- _Task statement_
Begin with the line below holding "Hermosa Mujer Asiática" and go on through the line holding "Used 2017 Honda HR-V EX image 26", duplicating each line exactly and leaving out pictures.

- _Records provided_
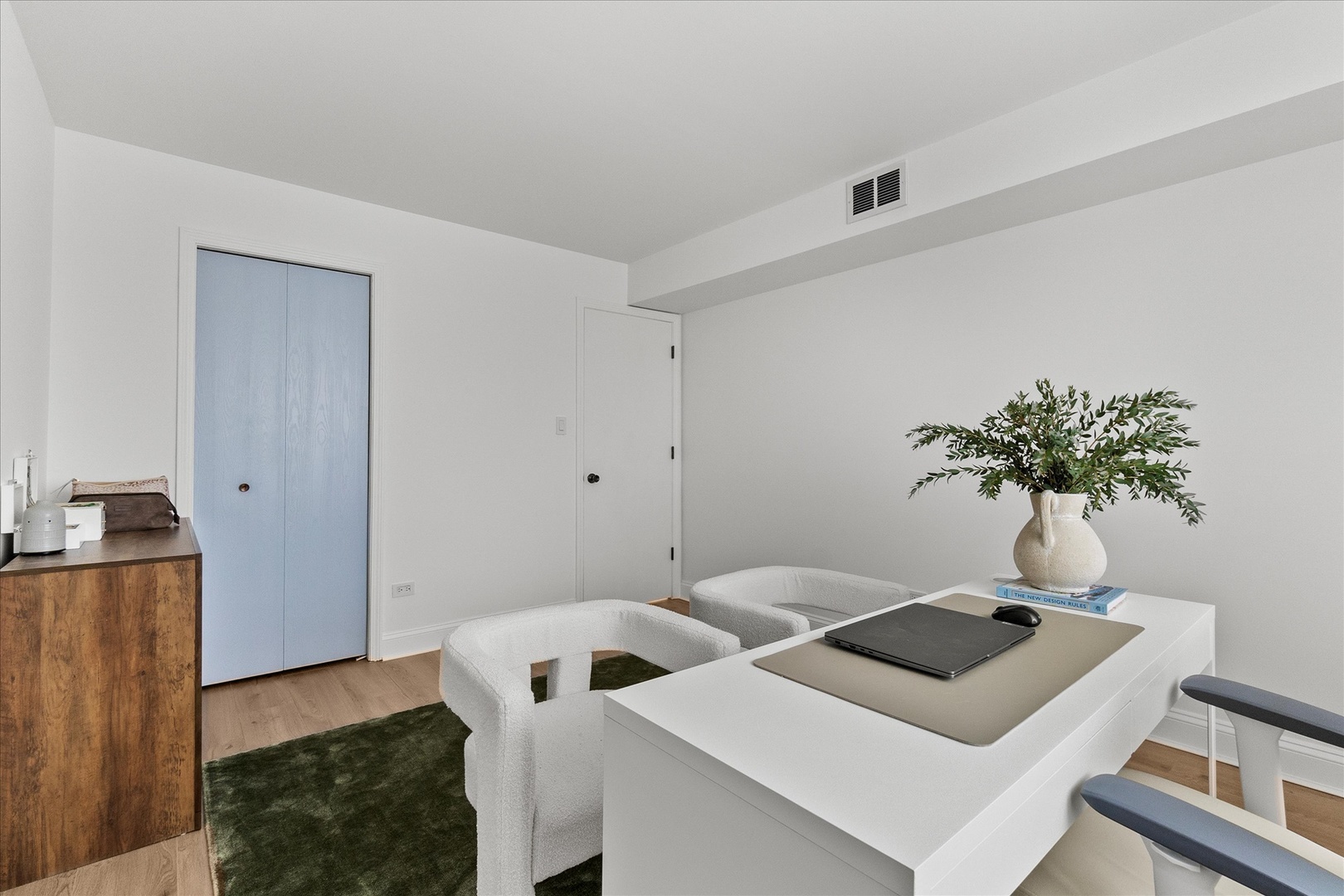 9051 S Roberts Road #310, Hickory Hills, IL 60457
---
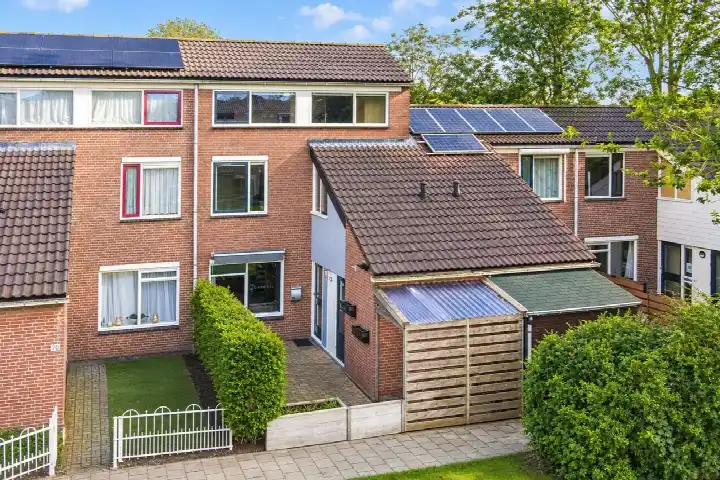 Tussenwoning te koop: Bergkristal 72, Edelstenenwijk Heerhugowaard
==
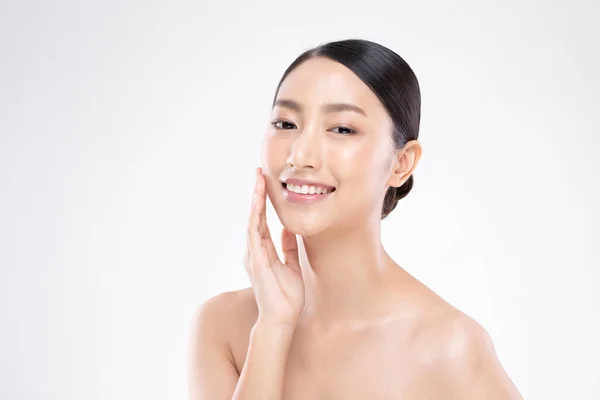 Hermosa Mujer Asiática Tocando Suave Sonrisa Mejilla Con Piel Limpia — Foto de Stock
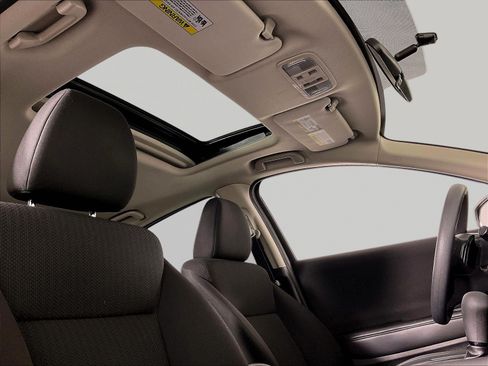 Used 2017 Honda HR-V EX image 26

- _Response below_
 Hermosa Mujer Asiática Tocando Suave Sonrisa Mejilla Con Piel Limpia — Foto de Stock
 Used 2017 Honda HR-V EX image 26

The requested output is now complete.